Mi decisi per questo partito.—Se egli mi ama davvero, dissi, riescirò.—Io tenni parola, cercai vincere il mio dolore. La calma, che opposi sempre a' suoi sì facili trasporti, ottenne assai più di un'aperta resistenza. Egli sembrava amarmi più di prima. Se io vi dicessi che in seguito, comprendendo questo, non provassi mai un sentimento d'affezione per don Francesco, mentirei. L'amarezza, che io gli cagionavo, mi commoveva talvolta; talvolta il mio cuore rimproverava la mia ragione di troppa crudeltà. Ma riconoscevo in lui una di quelle tempre orgogliose e dure, colle quali guai se troppo si cede! Poi un suo sentimento, che urtasse i miei, che li ferisse, mi faceva felicitare della mia fermezza. Confesso che la rimembranza dell'amore infelice, che serbavo in fondo al cuore, aiutava la ragione in me. Pure talvolta io fui per stendere la mano a don Francesco, e per dirgli:—Tutto è dimenticato; ma no; non era tempo ancora. D'altronde la tomba di Federico era sempre dinanzi a me. Così ho potuto offrire a mio marito la mia riconciliazione, l'oblio del passato in un istante supremo. Egli aveva consentito a cedermi, a non provocar Federico, quel Chiarofonte ch'egli aveva odiato tanto, perchè io gli avevo detto essere disposta a morire pria che vedere tale duello. Voi conoscete il duca; comprendete che tale promessa fu per lui un gran sacrifizio….
—È vero!
—Le scene terribili di questi giorni, o piuttosto i pericoli che io corsi lo impressionarono vivamente. Egli è cangiato, il ripeto! Pensò egli stesso ai figli della sua sventurata cugina, ciò che in passato non avrebbe fatto certamente. Ed il vedere che egli stesso vi esortò a venire da me mi è prova che di me più non diffida. Ora dunque mi tengo certa del mio ascendente sopra di lui; farò di non perderlo…. Cogli uomini come il duca occorrono molte precauzioni; saper indovinare quando una cosa, una parola può far buona impressione o cattiva…. insomma….
Ed ella sorrise.
Dopo quanto aveva detto, il conte avrebbe potuto risponderle:—Mi rimetto in voi, signora; ma ei nol fece.
Ella proseguì.
—Lasciandovi leggere nel mio cuore io faccio per voi, caro conte, ciò che non feci mai per alcuno; ricompenso nel modo migliore, credetelo, la vostra amicizia così devota.

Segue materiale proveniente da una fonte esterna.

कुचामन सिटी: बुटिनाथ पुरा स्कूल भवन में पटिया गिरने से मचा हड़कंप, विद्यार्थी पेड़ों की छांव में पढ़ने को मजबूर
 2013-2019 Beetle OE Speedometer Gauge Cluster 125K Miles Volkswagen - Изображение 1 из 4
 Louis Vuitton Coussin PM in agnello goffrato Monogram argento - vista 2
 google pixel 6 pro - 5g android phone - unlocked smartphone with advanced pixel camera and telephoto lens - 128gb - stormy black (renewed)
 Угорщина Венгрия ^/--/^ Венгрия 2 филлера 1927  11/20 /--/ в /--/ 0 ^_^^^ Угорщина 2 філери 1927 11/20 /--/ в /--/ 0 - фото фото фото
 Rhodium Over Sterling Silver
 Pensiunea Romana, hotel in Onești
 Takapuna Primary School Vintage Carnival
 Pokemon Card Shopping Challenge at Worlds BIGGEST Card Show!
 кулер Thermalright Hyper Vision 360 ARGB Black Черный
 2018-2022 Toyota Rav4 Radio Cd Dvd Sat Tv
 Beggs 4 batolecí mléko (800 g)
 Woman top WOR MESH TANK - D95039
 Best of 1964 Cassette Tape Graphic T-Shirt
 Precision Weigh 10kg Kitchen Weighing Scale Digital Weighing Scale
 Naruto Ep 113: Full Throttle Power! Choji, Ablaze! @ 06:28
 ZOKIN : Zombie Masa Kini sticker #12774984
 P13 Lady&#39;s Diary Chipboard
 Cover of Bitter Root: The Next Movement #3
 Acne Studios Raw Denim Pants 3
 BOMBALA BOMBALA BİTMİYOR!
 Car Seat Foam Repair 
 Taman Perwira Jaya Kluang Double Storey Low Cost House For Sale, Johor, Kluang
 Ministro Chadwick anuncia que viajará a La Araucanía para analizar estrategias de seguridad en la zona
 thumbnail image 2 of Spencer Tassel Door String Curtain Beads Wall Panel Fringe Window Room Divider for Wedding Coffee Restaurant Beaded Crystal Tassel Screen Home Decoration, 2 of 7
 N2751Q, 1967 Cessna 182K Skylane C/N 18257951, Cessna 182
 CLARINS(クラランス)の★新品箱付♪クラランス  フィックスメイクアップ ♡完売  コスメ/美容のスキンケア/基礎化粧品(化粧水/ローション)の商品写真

—Io vi sono riconoscente di tanta fiducia, signora.
—Poi, continuò donna Livia, lo faccio anche perchè voi, vedendomi sì vecchia d'impressioni, sì riflessiva, vi persuadiate che io non sono una donna da amare.
—Donna Livia, se voi volete persuadermi di questo vi avverto che sprecate il tempo. Del resto il mio amore non fa male ad alcuno. Lasciatemelo, duchessa, esso non può offendervi.
Egli era assai triste nel terminare queste parole.
—Spero egualmente convincervi di quanto vi dico. Guardiamo, cavaliere, le passioni da una regione più alta di esse. Pensiamo a quali mali esse possono trascinare.
Credete voi che se il cavaliere dell'Isola avesse potuto immaginare le angosce, che lo attendevano, i lacci, in cui sarebbero caduti i suoi figli, le scene orribili di questi giorni, credete voi non si sarebbe arrestato inorridito sull'orlo del precipizio, in cui è caduto; che non si sarebbe ucciso di sua mano prima di sposare quella donna, per la quale fu scacciato?
—Non so che dire, donna Livia, voi avete ragione.
—Vedete dunque, continuò la duchessa con una certa filosofia, che sarebbe meglio cangiare i vostri sentimenti per me; riguardarmi come un'amica, una sorella, non pensare nemmeno che mi avete amata altra volta.
—Vi giuro che farò ogni sforzo, ma temo non essere sì coraggioso.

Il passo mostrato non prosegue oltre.